- [What the task asks] Return all of the listing word for word; the pictures stay out.

- [Exercise data]
╔══

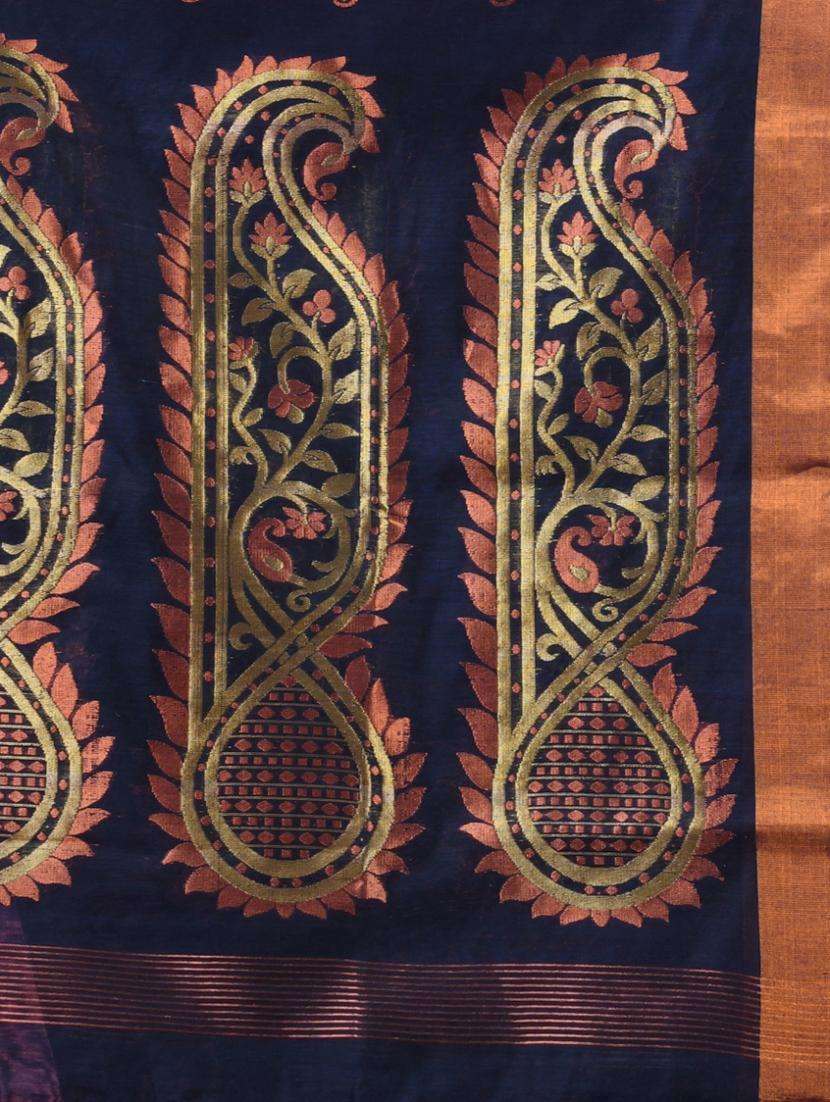 women self design handloom saree with blouse - 22043076 -  Standard Image - 2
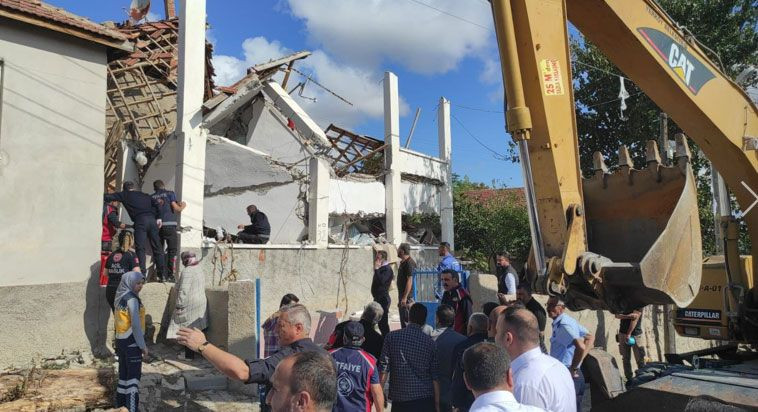 Yozgat'ta doğal gaz patladı! 2 katlı ev çöktü görüntüler feci - Resim: 4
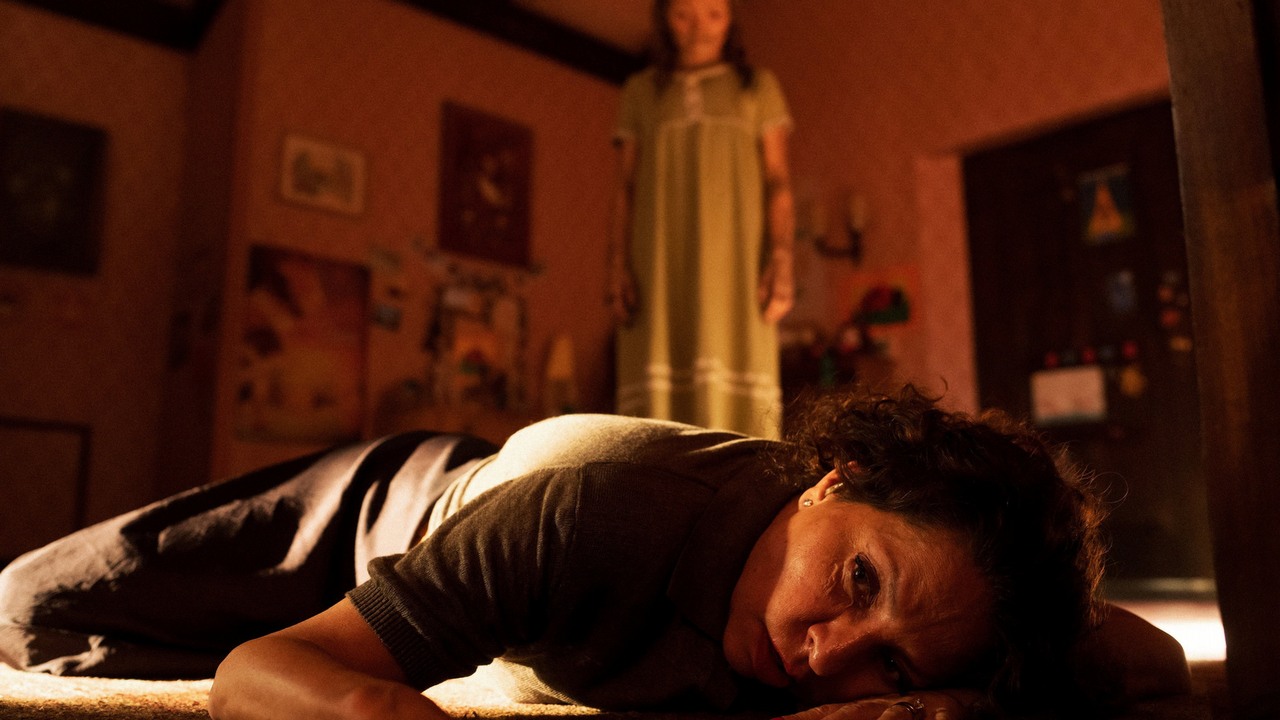 „Zgnił” na Rotten Tomatoes, ale jest hitem na HBO Max. Niecałe 3 miesiące po kinowej premierze tegoroczny „odrażający” horror pobija światowe top 10 platformy, źródło grafiki: Mumia Lee Cronina, Lee Cronin, Warner Bros., 2026.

╚══

- [Result below]
 women self design handloom saree with blouse - 22043076 -  Standard Image - 2
 Yozgat'ta doğal gaz patladı! 2 katlı ev çöktü görüntüler feci - Resim: 4
 „Zgnił” na Rotten Tomatoes, ale jest hitem na HBO Max. Niecałe 3 miesiące po kinowej premierze tegoroczny „odrażający” horror pobija światowe top 10 platformy, źródło grafiki: Mumia Lee Cronina, Lee Cronin, Warner Bros., 2026.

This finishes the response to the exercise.